If $s=0$, the property fails hence one can assume without loss of generality that $s\ne0$ and that the integer $n\geqslant2$ is the product of some $p_j^{k_j}$. Define $Z=2i\pi\mathbb Z$ as the set of integer multiples of $2i\pi$.

First assume that $p_j^s\ne1$ for every $j$. Then, the sum you are interested in is $$ S_n(s)=\prod_j\left(\sum_{t=0}^{k_j}p_j^{-st}\right)=\prod_j\frac{1-p_j^{-s(k_j+1)}}{1-p_j^{-s}}. $$ The zeros $s$ of $S_n$ solve one of the equations $$ p_j^{s(k_j+1)}=1. $$ This happens if and only if $s(k_j+1)\log p_j$ is in $Z$.

On the other hand, $p_j^s=1$ for some $j$ means that $s\log p_j$ is in $Z$. For every such $j$, one should replace the contribution of $p_j$ in $S_n(s)$ by $k_j+1\ne0$.

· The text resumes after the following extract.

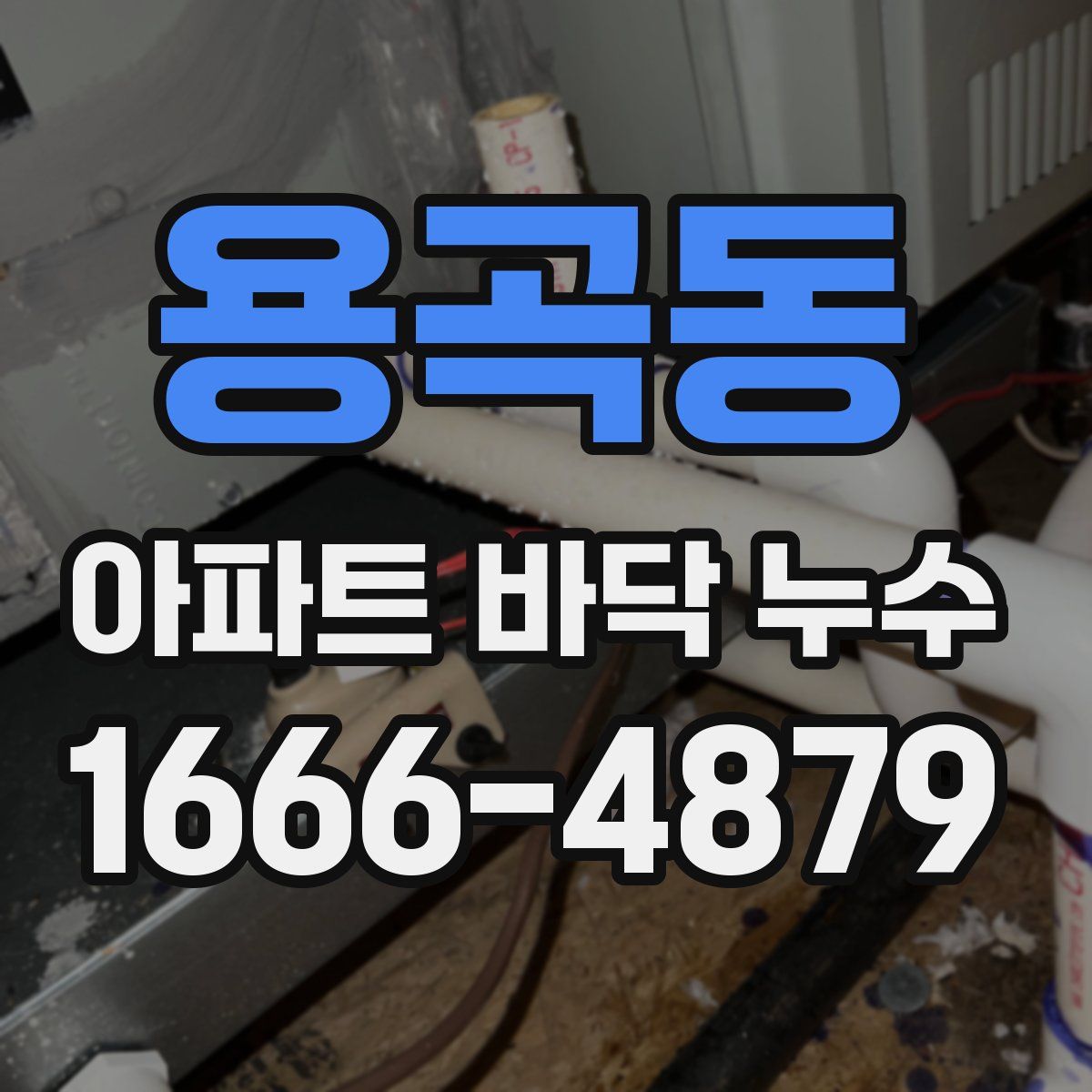 용곡동 아파트 바닥 누수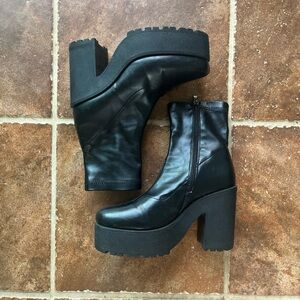 Black Platform Ankle Boots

One is left with the condition that there exists at least one $j$ such that $s\log p_j$ is not in $Z$ and $s(k_j+1)\log p_j$ is in $Z$. That is, there exists $j$ and an integer $\ell$ which is not zero modulo $k_j+1$, such that $$ s=\frac{2i\pi\ell}{(k_j+1)\log p_j}. $$ Note that since the $\log p_j$ are linearly independent over the rationals, this can happen for at most one prime number $p_j$ dividing $n$.

In particular the real part of $s$ must be zero.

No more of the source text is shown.